In principle, iron oxidation can fuel significant primary productivity and nutrient cycling in dark environments such as the deep sea. However, we have an extremely limited understanding of the ecology of iron-based ecosystems, and thus the linkages between iron oxidation, carbon cycling, and nitrate reduction. Here we investigate iron microbial mats from hydrothermal vents at Lōʻihi Seamount, Hawaiʻi, using genome-resolved metagenomics and metatranscriptomics to reconstruct potential microbial roles and interactions. Our results show that the aerobic iron-oxidizing Zetaproteobacteria are the primary producers, concentrated at the oxic mat surface. Their fixed carbon supports heterotrophs deeper in the mat, notably the second most abundant organism, Candidatus Ferristratum sp. (uncultivated gen. nov.) from the uncharacterized DTB120 phylum. Candidatus Ferristratum sp., described using nine high-quality metagenome-assembled genomes with similar distributions of genes, expressed nitrate reduction genes narGH and the iron oxidation gene cyc2 in situ and in response to Fe(II) in a shipboard incubation, suggesting it is an anaerobic nitrate-reducing iron oxidizer. Candidatus Ferristratum sp. lacks a full denitrification pathway, relying on Zetaproteobacteria to remove intermediates like nitrite. Thus, at Lōʻihi, anaerobic iron oxidizers coexist with and are dependent on aerobic iron oxidizers. In total, our work shows how key community members work together to connect iron oxidation with carbon and nitrogen cycling, thus driving the biogeochemistry of exported fluids.

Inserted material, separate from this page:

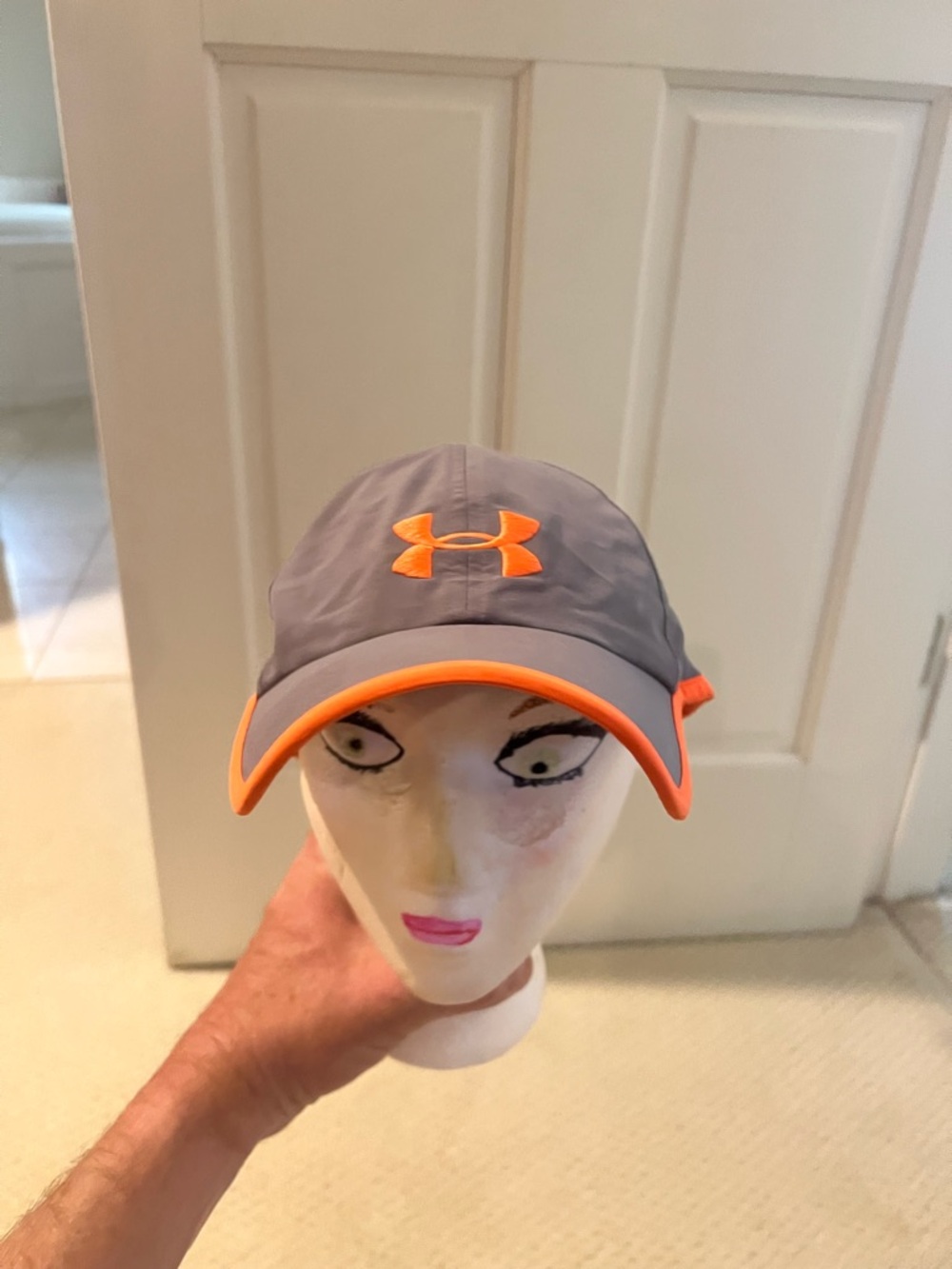 Under Armour Gray Hat with Orange Trim and Logo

原则上，铁氧化可以在深海等黑暗环境中促进显着的初级生产力和养分循环。然而，我们对铁基生态系统的生态学以及铁氧化、碳循环和硝酸盐还原之间的联系知之甚少。在这里，我们使用基因组解析的宏基因组学和宏转录组学来重建潜在的微生物作用和相互作用，研究来自夏威夷洛伊希海山热液喷口的铁微生物垫。我们的研究结果表明，好氧铁氧化 Zetaproteobacteria 是主要生产者，集中在氧化垫表面。它们的固定碳支持垫子深处的异养生物，特别是第二丰富的生物，Candidatus Ferristratumsp。（uncultivated gen. nov.）来自未鉴定的 DTB120 门。Candidatus Ferristratum sp.，使用九个具有相似基因分布的高质量宏基因组组装基因组进行描述，在船上孵化中原位表达硝酸盐还原基因narGH和铁氧化基因cyc2并响应 Fe(II)，表明它是厌氧硝酸盐还原铁氧化剂。铁线莲sp。缺乏完整的反硝化途径，依靠 Zetaproteobacteria 去除亚硝酸盐等中间体。因此，在 Lōʻihi，厌氧铁氧化剂与需氧铁氧化剂共存并依赖于好氧铁氧化剂。总的来说，我们的工作展示了关键社区成员如何共同努力将铁氧化与碳和氮循环联系起来，从而推动输出流体的生物地球化学。